[Data items]
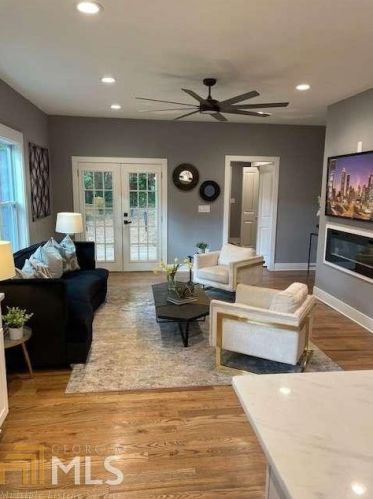 1698 Evans Dr, Atlanta GA  30310-4502 exterior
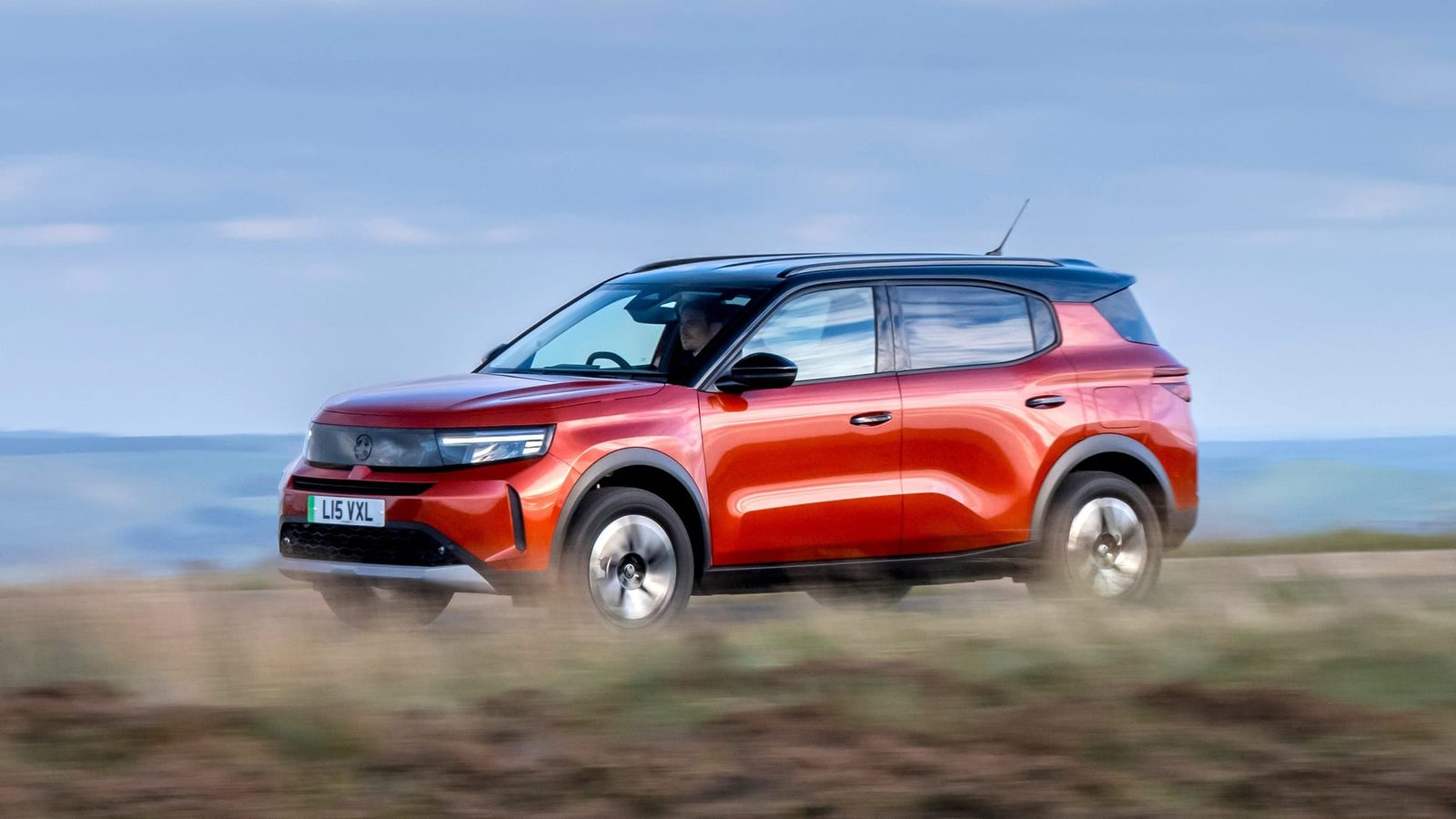 Opel / Vauxhall Frontera Electric 2024 - exterior, side motion, Europe / Opel-Vauxhall combined reference market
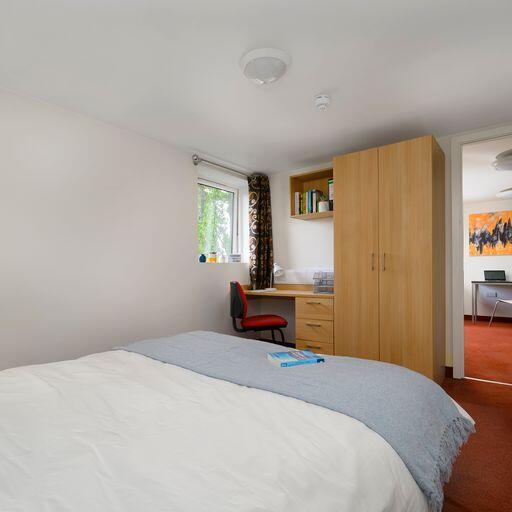 £320 per week for 51 weeks - Only 1 bed flat, separate living and bedroom at Cadnam Hall, student accommodation B17 photo 3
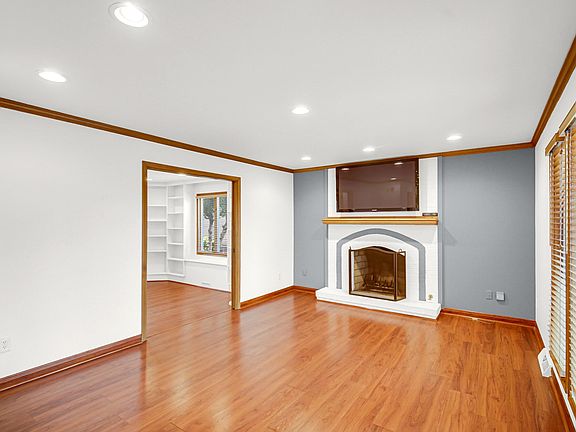 5th image of 1124 Lisa Ln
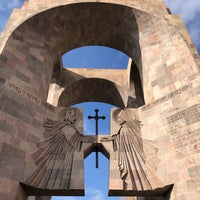 Photo taken at Mother See of Holy Etchmiadzin | Մայր Աթոռ Սուրբ Էջմիածին by Tatevik Z. on 11/27/2022
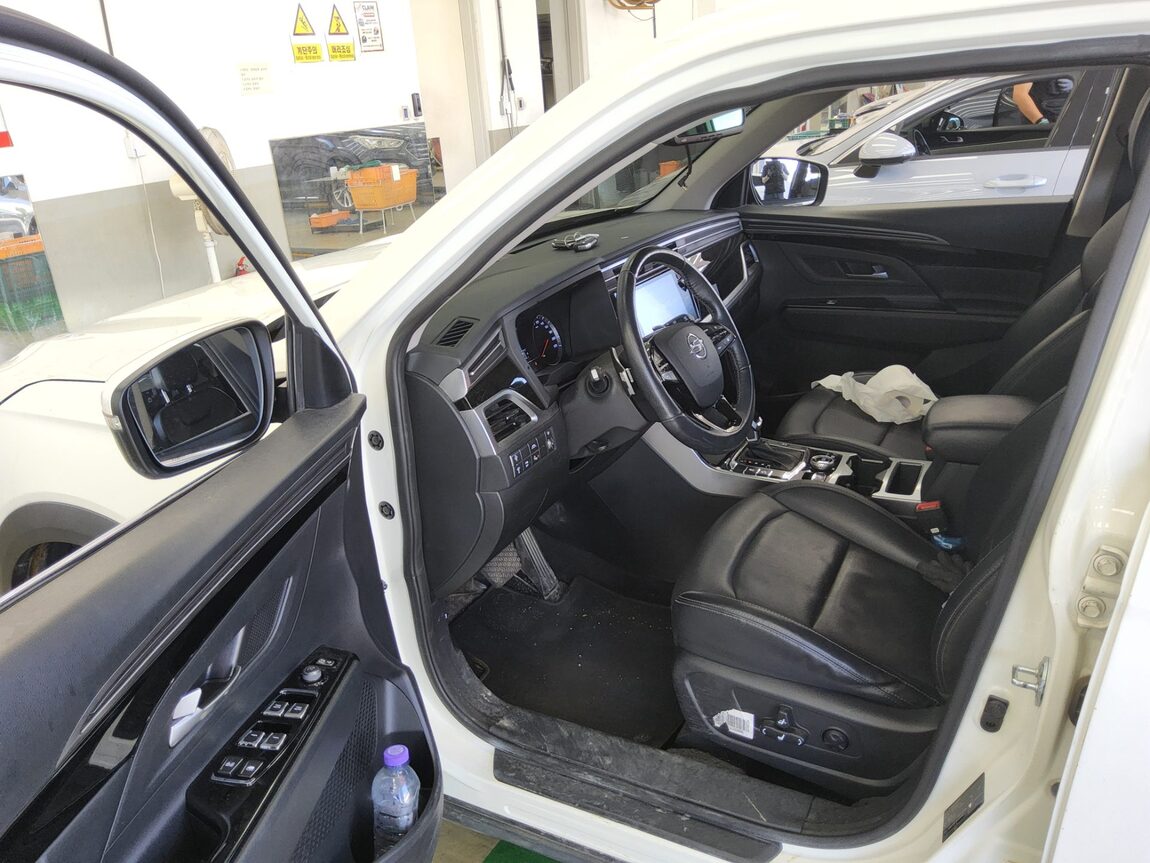 KG MOBILITY (SSANGYONG) ALL NEW KORANDO 1.6 DIESEL AWD C5 PLUS 2022 - zdjęcie 10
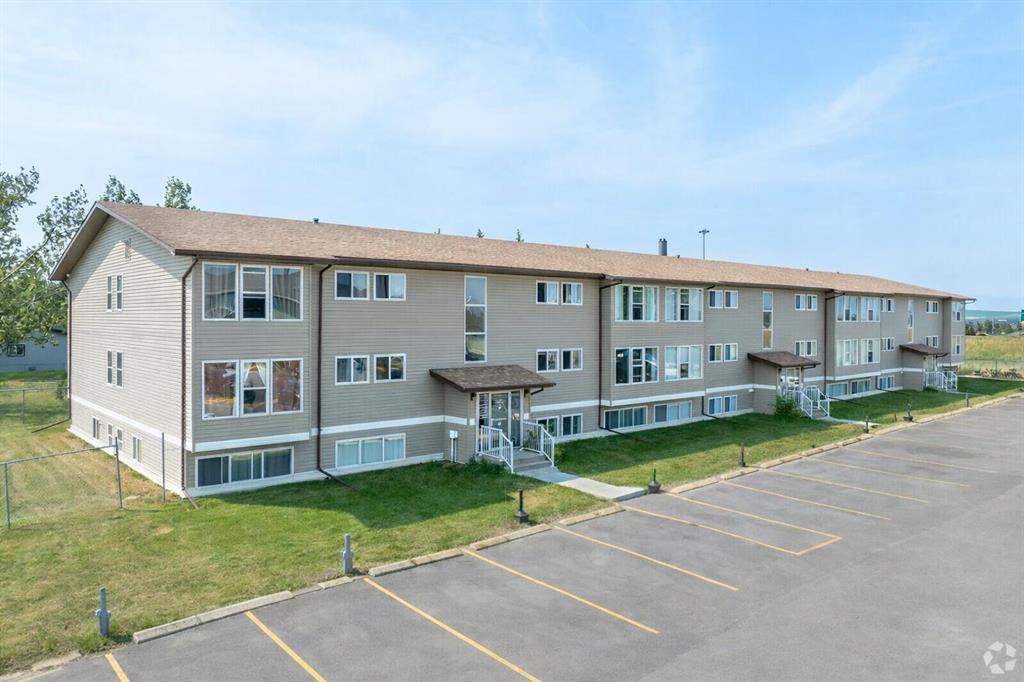 #206 101 Big Hill Way SE, Airdrie, Alberta, T4A 1Z6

## PROMPT
Write out each line again, exactly as it appears above, except for any picture.

## TASK RESULT
 1698 Evans Dr, Atlanta GA  30310-4502 exterior
 Opel / Vauxhall Frontera Electric 2024 - exterior, side motion, Europe / Opel-Vauxhall combined reference market
 £320 per week for 51 weeks - Only 1 bed flat, separate living and bedroom at Cadnam Hall, student accommodation B17 photo 3
 5th image of 1124 Lisa Ln
 Photo taken at Mother See of Holy Etchmiadzin | Մայր Աթոռ Սուրբ Էջմիածին by Tatevik Z. on 11/27/2022
 KG MOBILITY (SSANGYONG) ALL NEW KORANDO 1.6 DIESEL AWD C5 PLUS 2022 - zdjęcie 10
 #206 101 Big Hill Way SE, Airdrie, Alberta, T4A 1Z6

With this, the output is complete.